> [Given data]:
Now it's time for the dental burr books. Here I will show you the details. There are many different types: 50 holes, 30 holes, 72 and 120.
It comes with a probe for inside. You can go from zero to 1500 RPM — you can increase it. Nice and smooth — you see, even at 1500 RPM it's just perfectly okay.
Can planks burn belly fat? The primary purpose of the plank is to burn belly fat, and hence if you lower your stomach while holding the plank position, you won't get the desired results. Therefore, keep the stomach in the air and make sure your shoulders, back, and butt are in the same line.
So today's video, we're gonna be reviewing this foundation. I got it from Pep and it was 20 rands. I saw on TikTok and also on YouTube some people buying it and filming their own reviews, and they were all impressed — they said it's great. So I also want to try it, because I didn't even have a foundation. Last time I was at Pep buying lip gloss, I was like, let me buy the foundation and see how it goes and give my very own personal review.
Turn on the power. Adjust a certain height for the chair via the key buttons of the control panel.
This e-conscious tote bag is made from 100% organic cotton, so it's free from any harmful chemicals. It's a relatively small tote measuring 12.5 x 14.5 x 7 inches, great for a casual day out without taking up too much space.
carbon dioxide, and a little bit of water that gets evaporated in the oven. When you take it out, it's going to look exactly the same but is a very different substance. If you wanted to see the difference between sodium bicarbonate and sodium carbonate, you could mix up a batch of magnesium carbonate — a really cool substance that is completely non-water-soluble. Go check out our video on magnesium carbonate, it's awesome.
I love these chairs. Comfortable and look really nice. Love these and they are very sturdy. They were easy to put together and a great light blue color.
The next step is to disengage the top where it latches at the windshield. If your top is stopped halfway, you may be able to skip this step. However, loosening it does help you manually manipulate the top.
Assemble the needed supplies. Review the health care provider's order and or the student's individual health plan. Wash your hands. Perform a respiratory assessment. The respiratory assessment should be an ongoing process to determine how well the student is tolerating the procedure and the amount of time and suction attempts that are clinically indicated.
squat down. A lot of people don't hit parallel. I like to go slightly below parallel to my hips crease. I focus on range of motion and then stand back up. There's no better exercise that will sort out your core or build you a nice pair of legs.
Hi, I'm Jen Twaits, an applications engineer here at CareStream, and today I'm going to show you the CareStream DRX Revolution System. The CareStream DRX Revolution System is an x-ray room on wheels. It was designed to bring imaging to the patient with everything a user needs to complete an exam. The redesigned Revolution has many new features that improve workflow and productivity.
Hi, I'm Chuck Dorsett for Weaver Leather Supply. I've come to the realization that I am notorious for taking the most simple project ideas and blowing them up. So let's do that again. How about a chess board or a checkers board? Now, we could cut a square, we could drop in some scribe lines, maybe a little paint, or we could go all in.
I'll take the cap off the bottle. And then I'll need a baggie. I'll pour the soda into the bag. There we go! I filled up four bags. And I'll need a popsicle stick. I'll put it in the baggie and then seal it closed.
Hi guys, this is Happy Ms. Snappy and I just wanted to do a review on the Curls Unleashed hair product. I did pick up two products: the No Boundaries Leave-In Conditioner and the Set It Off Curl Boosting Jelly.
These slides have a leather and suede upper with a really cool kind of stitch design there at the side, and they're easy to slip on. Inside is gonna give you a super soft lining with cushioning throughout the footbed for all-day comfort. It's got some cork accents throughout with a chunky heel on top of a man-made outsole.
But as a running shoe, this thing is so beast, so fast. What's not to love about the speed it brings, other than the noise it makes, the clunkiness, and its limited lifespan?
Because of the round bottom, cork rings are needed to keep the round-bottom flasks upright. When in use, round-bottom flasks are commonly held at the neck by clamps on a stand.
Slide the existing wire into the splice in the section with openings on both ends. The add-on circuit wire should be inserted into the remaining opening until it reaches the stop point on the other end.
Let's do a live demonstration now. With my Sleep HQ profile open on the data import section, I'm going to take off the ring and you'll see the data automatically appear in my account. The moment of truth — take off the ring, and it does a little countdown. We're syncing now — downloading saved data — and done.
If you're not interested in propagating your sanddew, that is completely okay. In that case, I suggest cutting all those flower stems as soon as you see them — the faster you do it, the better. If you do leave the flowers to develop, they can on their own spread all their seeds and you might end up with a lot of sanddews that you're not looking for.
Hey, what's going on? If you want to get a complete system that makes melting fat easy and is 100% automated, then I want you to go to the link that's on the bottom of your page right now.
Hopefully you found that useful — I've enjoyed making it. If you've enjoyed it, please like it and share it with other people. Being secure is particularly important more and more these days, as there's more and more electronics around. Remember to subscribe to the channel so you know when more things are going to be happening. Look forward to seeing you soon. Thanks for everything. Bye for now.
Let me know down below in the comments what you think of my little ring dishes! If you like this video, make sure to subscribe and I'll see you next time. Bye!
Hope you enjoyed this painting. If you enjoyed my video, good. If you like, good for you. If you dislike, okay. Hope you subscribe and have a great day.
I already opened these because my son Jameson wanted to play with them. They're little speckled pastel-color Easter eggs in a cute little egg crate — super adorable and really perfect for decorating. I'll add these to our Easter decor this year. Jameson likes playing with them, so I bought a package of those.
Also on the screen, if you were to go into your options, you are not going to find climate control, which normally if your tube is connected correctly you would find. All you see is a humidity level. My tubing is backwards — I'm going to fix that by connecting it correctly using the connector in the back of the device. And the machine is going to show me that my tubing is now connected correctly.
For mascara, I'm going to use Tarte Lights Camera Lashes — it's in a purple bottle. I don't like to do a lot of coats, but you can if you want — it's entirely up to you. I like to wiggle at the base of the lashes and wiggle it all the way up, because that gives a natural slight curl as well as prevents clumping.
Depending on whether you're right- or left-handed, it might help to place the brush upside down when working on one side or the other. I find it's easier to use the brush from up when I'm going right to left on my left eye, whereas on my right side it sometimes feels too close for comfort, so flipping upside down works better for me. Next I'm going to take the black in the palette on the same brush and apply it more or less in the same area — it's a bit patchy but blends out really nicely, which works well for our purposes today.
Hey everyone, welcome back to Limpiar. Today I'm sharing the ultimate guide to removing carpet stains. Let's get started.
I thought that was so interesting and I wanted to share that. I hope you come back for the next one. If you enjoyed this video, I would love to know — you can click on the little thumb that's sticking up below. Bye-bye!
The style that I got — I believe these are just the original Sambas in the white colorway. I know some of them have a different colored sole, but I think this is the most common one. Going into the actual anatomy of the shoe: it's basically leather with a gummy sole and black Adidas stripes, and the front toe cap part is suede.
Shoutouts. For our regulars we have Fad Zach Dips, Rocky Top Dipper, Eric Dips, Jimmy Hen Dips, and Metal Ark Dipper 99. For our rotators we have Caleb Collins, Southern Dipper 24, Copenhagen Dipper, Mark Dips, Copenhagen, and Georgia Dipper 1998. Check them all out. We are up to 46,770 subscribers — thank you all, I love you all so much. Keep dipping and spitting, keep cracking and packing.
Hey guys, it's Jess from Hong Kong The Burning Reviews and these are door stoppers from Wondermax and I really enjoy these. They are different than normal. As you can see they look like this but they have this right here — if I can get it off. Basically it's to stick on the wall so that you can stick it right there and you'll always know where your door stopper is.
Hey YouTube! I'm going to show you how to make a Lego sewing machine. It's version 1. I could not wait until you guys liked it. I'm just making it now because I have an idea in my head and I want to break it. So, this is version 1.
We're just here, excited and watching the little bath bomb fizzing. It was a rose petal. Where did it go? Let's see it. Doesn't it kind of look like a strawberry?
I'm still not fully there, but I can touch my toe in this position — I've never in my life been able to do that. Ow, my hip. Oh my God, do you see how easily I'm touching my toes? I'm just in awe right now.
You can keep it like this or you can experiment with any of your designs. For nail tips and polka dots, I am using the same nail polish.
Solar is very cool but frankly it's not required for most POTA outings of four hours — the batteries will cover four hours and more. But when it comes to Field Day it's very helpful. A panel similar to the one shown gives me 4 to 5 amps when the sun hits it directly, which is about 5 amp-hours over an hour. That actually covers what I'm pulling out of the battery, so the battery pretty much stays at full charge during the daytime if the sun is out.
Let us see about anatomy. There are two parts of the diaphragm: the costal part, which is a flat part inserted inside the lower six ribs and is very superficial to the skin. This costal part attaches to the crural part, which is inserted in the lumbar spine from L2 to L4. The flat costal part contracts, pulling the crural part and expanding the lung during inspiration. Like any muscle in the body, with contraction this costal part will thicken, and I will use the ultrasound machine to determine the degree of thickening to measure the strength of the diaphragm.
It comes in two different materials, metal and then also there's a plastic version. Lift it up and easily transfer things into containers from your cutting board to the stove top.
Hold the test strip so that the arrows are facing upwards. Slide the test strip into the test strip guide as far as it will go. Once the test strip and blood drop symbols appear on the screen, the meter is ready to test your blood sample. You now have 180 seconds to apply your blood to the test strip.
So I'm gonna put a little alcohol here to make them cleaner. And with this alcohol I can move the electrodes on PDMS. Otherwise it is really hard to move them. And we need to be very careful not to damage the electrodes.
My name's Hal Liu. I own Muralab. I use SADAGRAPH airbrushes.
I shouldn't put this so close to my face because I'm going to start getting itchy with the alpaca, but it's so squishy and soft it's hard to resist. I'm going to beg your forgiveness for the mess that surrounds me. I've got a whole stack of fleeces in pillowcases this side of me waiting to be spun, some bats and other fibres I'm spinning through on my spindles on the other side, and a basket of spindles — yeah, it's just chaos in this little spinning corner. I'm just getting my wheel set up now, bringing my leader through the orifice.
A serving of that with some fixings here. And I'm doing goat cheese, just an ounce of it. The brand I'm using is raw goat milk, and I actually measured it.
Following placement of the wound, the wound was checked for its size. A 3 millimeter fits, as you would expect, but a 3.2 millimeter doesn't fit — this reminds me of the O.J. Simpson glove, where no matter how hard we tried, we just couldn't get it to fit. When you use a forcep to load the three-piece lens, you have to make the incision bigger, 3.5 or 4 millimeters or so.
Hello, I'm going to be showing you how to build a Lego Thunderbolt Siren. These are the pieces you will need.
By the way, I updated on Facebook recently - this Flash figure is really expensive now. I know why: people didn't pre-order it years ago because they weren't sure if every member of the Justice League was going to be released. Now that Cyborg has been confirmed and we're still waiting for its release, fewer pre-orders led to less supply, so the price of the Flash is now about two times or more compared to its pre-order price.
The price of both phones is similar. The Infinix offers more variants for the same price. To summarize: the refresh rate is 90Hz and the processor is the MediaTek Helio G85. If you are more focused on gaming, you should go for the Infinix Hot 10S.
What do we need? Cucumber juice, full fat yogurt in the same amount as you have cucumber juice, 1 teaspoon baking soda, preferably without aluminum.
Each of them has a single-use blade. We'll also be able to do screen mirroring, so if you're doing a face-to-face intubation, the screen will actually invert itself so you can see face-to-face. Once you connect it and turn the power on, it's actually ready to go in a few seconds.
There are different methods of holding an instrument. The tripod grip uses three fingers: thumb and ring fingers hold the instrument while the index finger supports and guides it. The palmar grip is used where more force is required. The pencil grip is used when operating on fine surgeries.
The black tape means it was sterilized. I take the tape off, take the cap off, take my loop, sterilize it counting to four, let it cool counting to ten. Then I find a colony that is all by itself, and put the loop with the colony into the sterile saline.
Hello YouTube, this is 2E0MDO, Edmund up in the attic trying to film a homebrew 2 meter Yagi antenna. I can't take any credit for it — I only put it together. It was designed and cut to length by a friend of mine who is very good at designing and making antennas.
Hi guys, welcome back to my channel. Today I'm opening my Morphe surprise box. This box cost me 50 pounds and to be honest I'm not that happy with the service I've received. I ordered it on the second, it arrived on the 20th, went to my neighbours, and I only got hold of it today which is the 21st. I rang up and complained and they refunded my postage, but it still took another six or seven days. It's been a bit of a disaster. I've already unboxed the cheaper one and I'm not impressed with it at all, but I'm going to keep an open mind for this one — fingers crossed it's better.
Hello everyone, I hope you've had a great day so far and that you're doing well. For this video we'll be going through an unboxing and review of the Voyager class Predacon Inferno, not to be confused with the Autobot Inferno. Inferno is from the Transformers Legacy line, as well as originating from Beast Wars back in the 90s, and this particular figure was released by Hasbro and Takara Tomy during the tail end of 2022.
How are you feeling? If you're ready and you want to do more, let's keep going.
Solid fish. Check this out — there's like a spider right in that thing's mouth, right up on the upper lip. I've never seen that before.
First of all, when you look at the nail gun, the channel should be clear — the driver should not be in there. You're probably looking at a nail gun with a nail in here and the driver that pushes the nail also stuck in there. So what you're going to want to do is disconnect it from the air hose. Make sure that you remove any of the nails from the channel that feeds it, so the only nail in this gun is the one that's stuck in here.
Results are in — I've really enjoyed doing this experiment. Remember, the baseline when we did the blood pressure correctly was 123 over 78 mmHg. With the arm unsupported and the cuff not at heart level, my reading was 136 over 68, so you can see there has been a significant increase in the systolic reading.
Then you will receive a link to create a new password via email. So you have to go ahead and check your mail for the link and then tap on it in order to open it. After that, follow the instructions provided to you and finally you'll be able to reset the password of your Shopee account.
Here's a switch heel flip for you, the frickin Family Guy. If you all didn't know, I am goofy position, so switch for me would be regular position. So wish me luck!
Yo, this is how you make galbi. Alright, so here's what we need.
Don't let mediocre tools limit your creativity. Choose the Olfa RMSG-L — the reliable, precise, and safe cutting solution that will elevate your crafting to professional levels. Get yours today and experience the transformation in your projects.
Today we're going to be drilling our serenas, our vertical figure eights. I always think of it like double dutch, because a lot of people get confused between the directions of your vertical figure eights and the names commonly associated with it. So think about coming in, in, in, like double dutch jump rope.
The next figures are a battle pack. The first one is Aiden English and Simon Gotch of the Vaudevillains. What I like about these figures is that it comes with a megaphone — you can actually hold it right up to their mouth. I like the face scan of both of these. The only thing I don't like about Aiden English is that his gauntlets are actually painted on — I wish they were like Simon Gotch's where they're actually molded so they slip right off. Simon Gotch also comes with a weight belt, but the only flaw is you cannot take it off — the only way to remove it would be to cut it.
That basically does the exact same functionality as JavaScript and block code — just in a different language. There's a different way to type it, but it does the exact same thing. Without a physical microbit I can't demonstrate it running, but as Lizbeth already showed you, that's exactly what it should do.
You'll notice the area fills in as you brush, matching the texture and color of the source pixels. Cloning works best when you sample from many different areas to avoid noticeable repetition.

> [Work to be completed]:
Looking at the material above, please copy exactly every line from its first line through the line containing "Can planks burn", with both ends included and nothing else.

> [Your solution]:
Now it's time for the dental burr books. Here I will show you the details. There are many different types: 50 holes, 30 holes, 72 and 120.
It comes with a probe for inside. You can go from zero to 1500 RPM — you can increase it. Nice and smooth — you see, even at 1500 RPM it's just perfectly okay.
Can planks burn belly fat? The primary purpose of the plank is to burn belly fat, and hence if you lower your stomach while holding the plank position, you won't get the desired results. Therefore, keep the stomach in the air and make sure your shoulders, back, and butt are in the same line.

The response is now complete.